A power outage around
1PM yesterday in the San Francisco area hit the data center at 365 Main,
home to Craigslist among others. The outage lasted some 45 minutes before the backup generators kicked in, but when power was restored the Craigslist staff found they had corrupted databases to rebuild. That work last until at least dawn. In a post responding to user inquiries about the outage and the lack of backup power a staffer writes:
Our colo charges us a serious amount of money to provide continuous uninterrupted power 24/7/365, even in the event of a blackout. Heck, they even say that their building is earthquake proof. They have huge backup generators, with two levels of failsafes, which they test monthly. Of course, during the power outage in downtown SF yesterday, these highly touted super backup generators failed to kick in.
Lots of big sites that share the facility with us were also down during this time, including LiveJournal, Alexa, Sun and CNET. Unfortunately for us, our DBs did not like having the power suddenly cut mid write (mentally multiply these writes by the 1000s of people who are simulateously posting). Once power was restored, and the DBs were brought back up, they were all corrupted, and had to be rebuilt.
Our system administrators spent over 12 hours working continously on this problem, some of them working past dawn. They derserve some serious kudos for getting the site back with almost no data loss, in a relatively small (considering the circumstances) amount of time.
Our “guaranteed power” colo has some serious explaining to do. To us, and plenty of other companies who pay them so that incidents like yesterday don’t ever happen.
All of which to answer your orignial question: We do try to have our website available continously, and actually shell out the money to host our machines at on of San Francisco’s top facilities. Obviously, that’s not good enough, and we already have plans in place to improve this situation.

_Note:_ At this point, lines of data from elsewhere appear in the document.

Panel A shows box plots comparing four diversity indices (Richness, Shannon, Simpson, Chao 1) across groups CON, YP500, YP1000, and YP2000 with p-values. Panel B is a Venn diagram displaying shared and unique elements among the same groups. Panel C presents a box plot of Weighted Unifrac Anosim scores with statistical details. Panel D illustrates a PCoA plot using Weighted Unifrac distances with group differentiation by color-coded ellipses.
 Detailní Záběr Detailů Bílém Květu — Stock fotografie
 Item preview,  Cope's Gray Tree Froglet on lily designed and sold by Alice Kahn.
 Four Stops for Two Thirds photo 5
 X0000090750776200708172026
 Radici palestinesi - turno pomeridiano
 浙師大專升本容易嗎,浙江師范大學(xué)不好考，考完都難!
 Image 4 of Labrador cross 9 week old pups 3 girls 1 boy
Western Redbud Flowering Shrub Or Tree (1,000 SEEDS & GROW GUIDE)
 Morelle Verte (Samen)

Stories like this keep me excited about utility computing. Building fault tolerance into systems is incredibly difficult and expensive. The Craigslist team spent extra money and manpower doing everything by the book to avoid downtime, but still ended up with a significant outage. Ultimately, only having redundant operating copies of an app is sufficient to ensure availability, but that’s been horribly expensive and difficult. Utility computing changes that.